Revisiting Palm Sunday, Revisited

I like the world in which I live to make sense, for there to be an order and purpose for everything and a reason no matter the season and then I stumble across today, Palm Sunday, and thrash about creating a lot of churn with the keyboard but little clarity in the cranium.

These are some thoughts I had on it from a number of years ago and despite strenuous exertions, little to nothing has changed I'm saddened to report. At the time I called it: 

Palm Sunday Revisited

Raised in the faith of my fathers, I know that today, Palm Sunday, begins the most important week in the Christian calendar-even if you lost your faith along the way to here and now as I have done. 

What follows is as close to contemplation as I may have gotten in recent years (or decades). It may not make sense to you; that wasn’t my intent. I needed to hold the world still for one moment so that it made sense to me-your mileage may vary in ways neither of us can contemplate.

Karl Glogauer was the wrong man at the right time.

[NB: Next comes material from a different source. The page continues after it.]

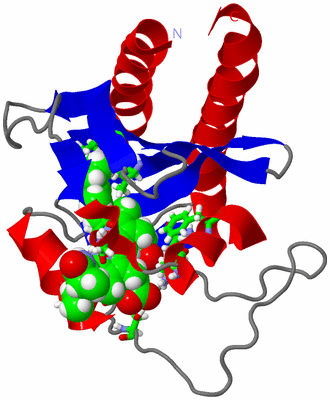 Image NMR Structure - model 1, sites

The protagonist in Michael Moorcock's novel who travels from the future to the time of Christ, Glogauer, instead, meets a profoundly retarded child of Mary who is, in Moorcock's account, most definitely NOT the Son of God. 

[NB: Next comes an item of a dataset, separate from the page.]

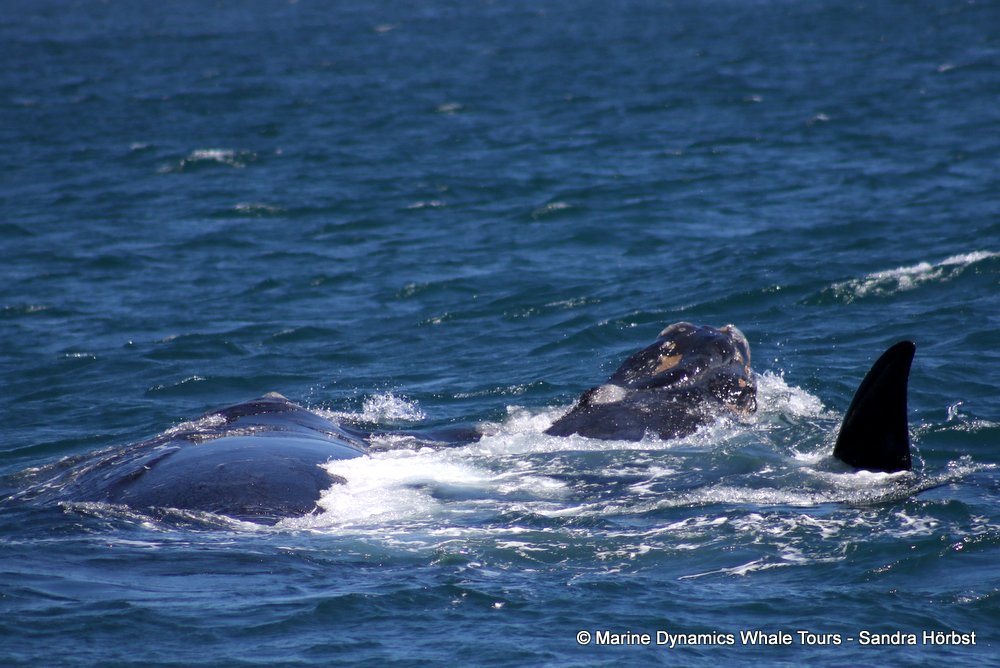 Southern right whale, whale watching, gansbaai, south africa,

Glogauer then assumes the personae of Jesus of Nazareth, based on his recollection and knowledge of the accounts in the Gospels of the New Testament, culminating in his crucifixion to fulfill those accounts which shaped history to the moment in the future in which he journeyed into the past to complete the story.

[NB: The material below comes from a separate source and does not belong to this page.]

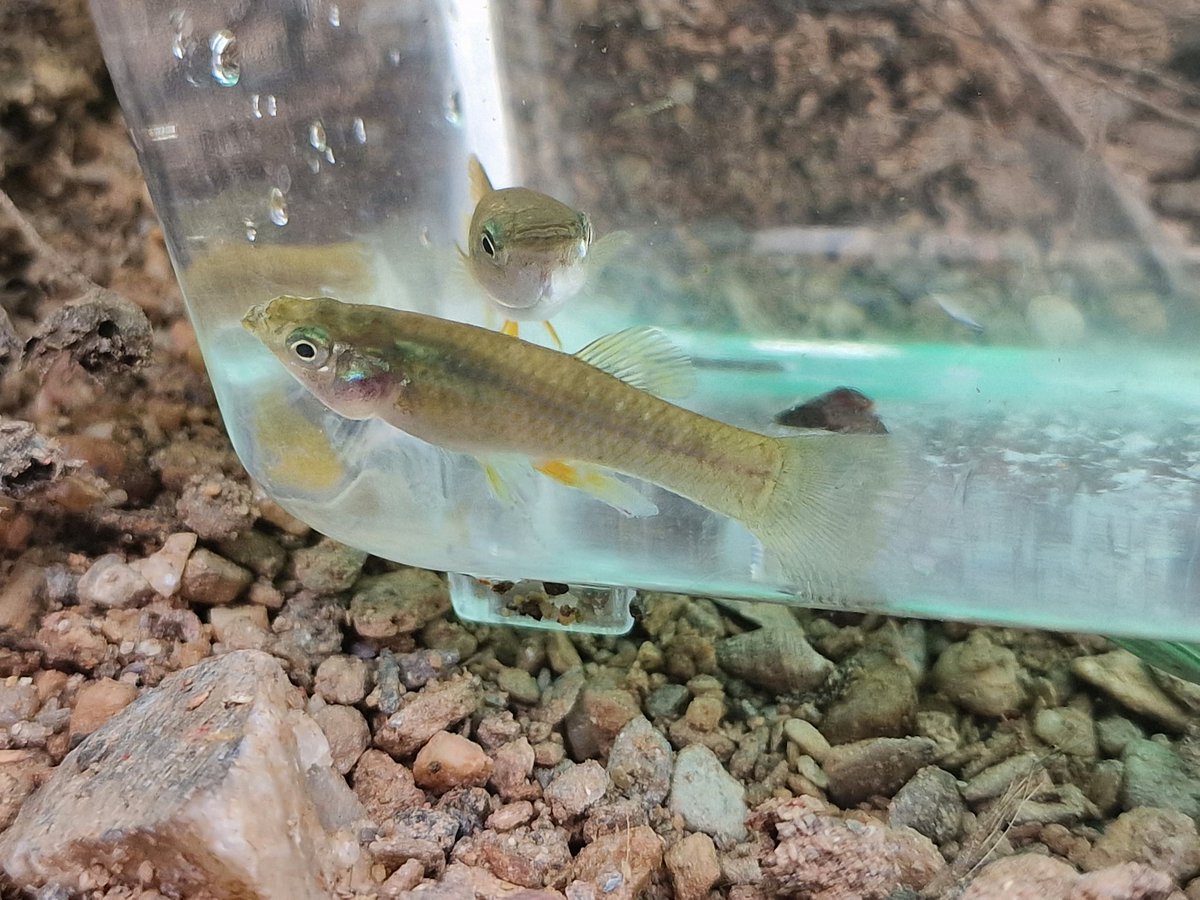 chris_schutz_'s tweet photo. Finally back in #Trinidad for some guppy research! During the last 2 weeks we've also found some other awesome animals while exploring! 🐒
Does anyone have an idea which molly we've found here? P. gillii possibly?
#teamfish
#poeciliareticulata https://t.co/zORMyeUEeg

Perhaps the most simultaneously unsettling and reassuring aspect of Behold the Man is not the death of someone else in place of the Son of God but its emphasis and reaffirmation of the importance of the belief that He lived at all. 

For you today for whom this is an Ecce Homo experience, my sincere congratulations is tinged with more than just a little jealousy and envy.

Not everyone has the comfort of your beliefs and the reassurance of your faith. Some may not wish to have it while others who once did are forced to realize again the distance traveled from then to now which involved a bridge of faith that, once abandoned, has been destroyed and which can very possibly never be rebuilt.

As even Mark reported, help for one's unbelief is not easily achieved, and perhaps the realization that such assistance can only be given and never earned is part of why pride becomes the greater of the sins especially for those with so little reason to be proud. 

Perhaps it's the shadow of doubt that creates the chink of vulnerability in an armor of faith that condemns a wanderer to know the path but refuses to walk it again.
Sometimes it's the belief, and sometimes, the believer.